TASK OBJECTIVE: Please take the lines from the one holding "Cách làm bánh" through the one holding "Škoda Octavia (2018)" in the data below and copy them exactly.

Caption-style text data:
+ + + + + + +

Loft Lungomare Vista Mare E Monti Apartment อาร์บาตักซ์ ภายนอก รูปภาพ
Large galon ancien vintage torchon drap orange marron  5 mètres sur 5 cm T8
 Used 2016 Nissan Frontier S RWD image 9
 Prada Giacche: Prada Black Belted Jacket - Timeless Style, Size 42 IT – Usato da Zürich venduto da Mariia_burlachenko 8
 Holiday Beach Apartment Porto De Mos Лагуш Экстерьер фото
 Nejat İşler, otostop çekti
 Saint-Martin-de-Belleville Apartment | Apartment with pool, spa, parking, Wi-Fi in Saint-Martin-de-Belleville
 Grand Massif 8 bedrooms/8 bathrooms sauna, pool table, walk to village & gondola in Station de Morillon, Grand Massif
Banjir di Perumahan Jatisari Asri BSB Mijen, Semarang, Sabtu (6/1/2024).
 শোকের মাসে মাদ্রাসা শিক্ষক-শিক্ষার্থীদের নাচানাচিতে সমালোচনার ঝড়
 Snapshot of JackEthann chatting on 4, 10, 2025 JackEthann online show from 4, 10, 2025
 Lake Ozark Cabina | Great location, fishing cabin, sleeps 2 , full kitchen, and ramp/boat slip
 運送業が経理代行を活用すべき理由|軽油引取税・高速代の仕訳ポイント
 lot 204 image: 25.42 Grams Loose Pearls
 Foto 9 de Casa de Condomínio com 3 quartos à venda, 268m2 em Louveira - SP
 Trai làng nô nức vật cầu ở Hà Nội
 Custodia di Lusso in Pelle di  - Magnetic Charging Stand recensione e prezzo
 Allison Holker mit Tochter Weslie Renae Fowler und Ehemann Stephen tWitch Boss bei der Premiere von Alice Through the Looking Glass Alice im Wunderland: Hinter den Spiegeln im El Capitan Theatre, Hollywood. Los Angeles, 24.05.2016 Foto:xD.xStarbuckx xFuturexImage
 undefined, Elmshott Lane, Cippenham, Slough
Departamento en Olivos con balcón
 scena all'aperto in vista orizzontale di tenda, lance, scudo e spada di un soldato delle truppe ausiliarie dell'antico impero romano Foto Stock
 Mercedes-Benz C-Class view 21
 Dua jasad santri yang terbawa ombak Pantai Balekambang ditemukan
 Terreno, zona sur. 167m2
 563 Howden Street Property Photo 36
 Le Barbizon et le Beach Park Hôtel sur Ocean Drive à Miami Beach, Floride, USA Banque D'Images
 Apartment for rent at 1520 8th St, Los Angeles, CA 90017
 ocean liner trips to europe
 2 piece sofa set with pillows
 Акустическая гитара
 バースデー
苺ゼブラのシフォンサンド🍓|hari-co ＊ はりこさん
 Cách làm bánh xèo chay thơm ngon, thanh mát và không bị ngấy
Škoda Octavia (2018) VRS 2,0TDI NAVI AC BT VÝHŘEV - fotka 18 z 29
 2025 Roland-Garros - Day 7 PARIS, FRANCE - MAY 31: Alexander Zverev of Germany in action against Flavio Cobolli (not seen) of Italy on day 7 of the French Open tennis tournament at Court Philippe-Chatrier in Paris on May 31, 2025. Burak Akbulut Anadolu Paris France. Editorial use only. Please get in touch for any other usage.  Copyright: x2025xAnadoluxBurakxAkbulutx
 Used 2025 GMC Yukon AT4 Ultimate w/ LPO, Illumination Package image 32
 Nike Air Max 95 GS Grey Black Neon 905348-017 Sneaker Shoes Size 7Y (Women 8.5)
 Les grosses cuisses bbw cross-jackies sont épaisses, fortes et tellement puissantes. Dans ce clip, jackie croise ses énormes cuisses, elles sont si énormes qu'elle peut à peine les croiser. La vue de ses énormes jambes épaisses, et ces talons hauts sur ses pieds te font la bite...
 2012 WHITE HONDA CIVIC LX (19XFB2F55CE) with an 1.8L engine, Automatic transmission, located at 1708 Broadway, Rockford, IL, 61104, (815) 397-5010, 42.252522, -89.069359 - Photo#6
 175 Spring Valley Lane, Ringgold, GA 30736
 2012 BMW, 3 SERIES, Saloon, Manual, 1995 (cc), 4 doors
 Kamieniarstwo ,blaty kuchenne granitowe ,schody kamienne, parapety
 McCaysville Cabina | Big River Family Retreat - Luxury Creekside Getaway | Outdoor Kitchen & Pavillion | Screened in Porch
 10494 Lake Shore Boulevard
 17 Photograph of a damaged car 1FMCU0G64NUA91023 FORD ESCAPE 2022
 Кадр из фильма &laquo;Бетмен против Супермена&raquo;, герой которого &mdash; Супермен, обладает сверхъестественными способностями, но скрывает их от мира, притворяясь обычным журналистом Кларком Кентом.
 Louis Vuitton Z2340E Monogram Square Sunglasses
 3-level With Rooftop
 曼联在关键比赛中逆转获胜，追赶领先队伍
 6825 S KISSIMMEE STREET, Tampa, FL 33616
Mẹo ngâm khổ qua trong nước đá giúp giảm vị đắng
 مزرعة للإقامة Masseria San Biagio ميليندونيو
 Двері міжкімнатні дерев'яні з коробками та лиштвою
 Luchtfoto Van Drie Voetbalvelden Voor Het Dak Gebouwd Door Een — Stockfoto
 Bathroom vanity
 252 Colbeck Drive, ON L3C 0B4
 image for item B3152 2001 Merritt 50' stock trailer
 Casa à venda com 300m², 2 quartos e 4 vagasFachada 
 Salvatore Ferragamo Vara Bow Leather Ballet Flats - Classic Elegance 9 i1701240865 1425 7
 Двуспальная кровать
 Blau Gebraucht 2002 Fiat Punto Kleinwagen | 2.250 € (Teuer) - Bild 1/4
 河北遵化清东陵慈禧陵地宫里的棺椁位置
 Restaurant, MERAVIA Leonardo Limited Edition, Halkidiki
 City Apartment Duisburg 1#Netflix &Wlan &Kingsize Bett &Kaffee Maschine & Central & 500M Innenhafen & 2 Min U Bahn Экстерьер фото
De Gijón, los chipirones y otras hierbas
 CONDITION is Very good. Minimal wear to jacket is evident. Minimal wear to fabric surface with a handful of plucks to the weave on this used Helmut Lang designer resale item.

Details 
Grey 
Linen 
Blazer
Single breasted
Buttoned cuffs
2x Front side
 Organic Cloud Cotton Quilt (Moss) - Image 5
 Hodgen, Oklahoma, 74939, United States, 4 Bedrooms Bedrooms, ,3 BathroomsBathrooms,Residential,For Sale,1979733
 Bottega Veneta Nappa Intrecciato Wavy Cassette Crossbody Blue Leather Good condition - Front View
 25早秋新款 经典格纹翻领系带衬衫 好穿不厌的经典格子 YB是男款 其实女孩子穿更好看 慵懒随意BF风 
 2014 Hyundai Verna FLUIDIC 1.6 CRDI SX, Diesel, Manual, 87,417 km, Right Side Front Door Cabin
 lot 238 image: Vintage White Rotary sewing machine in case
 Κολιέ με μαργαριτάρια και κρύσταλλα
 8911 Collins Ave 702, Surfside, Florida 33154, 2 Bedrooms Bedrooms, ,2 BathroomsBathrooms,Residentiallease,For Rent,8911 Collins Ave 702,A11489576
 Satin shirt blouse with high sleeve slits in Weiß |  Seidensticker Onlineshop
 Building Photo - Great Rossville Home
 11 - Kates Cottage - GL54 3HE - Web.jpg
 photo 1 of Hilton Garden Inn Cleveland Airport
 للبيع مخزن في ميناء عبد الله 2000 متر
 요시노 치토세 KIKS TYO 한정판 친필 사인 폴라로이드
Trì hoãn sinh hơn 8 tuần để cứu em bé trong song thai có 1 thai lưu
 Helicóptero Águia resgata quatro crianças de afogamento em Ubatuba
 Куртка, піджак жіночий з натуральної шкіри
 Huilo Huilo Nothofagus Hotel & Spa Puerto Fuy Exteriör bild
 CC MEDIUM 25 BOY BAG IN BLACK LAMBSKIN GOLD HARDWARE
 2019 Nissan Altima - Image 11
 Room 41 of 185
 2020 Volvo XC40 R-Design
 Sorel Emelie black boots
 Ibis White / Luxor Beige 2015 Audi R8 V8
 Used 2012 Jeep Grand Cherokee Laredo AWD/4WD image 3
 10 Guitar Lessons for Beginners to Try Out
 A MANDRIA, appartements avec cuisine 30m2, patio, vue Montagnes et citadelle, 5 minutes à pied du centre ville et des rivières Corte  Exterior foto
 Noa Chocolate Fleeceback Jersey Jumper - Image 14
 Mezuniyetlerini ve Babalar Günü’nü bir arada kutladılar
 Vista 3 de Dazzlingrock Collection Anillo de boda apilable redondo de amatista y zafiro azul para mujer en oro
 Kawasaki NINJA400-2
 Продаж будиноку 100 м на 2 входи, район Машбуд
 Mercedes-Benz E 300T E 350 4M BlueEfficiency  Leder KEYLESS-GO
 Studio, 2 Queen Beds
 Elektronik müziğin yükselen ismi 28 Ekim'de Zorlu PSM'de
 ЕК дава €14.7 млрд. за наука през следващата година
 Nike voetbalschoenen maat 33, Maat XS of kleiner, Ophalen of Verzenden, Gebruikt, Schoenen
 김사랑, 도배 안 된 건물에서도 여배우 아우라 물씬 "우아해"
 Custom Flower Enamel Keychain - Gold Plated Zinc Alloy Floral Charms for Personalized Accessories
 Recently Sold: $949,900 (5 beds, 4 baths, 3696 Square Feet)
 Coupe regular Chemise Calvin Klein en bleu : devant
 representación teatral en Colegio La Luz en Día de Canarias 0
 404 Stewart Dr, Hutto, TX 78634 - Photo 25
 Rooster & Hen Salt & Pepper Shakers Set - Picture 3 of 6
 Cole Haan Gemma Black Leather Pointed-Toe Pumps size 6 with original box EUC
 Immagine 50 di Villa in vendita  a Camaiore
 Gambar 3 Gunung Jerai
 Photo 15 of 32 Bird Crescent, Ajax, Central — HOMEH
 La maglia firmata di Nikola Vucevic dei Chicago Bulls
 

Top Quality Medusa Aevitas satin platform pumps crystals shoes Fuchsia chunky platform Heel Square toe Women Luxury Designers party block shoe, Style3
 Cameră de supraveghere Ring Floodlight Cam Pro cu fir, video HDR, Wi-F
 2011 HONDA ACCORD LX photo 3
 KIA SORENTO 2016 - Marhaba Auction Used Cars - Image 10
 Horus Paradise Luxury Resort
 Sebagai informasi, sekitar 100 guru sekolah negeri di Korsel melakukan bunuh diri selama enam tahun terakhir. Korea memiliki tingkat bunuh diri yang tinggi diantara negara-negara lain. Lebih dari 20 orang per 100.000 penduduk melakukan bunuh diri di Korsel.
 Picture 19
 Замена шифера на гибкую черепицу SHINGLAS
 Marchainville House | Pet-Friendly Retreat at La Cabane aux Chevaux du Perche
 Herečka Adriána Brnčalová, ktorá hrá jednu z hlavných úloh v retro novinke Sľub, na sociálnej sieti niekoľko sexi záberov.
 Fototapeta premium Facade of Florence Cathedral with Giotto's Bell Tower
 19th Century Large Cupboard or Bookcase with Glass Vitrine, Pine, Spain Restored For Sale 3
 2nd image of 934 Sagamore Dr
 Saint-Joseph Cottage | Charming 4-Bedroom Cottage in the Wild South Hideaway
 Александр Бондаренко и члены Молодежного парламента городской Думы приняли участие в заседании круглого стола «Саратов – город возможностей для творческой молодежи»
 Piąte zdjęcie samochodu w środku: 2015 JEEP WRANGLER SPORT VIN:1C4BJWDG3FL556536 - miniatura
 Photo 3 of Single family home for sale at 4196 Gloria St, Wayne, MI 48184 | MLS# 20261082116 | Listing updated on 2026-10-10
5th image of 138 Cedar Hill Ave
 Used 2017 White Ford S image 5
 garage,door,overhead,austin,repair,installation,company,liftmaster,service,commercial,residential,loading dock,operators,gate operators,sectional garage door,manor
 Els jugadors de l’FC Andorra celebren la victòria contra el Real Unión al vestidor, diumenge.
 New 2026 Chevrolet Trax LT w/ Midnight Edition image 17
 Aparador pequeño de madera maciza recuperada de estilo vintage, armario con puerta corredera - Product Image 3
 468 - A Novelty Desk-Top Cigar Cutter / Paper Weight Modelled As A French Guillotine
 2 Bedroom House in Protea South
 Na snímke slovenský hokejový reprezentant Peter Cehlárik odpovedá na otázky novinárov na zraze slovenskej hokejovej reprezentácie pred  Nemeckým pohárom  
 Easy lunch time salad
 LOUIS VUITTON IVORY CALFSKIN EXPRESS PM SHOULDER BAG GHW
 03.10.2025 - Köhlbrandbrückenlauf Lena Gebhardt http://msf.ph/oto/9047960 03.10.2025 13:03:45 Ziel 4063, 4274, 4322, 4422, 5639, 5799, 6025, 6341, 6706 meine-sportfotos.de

+ + + + + + +

PROBLEM SOLUTION:
 Cách làm bánh xèo chay thơm ngon, thanh mát và không bị ngấy
Škoda Octavia (2018) VRS 2,0TDI NAVI AC BT VÝHŘEV - fotka 18 z 29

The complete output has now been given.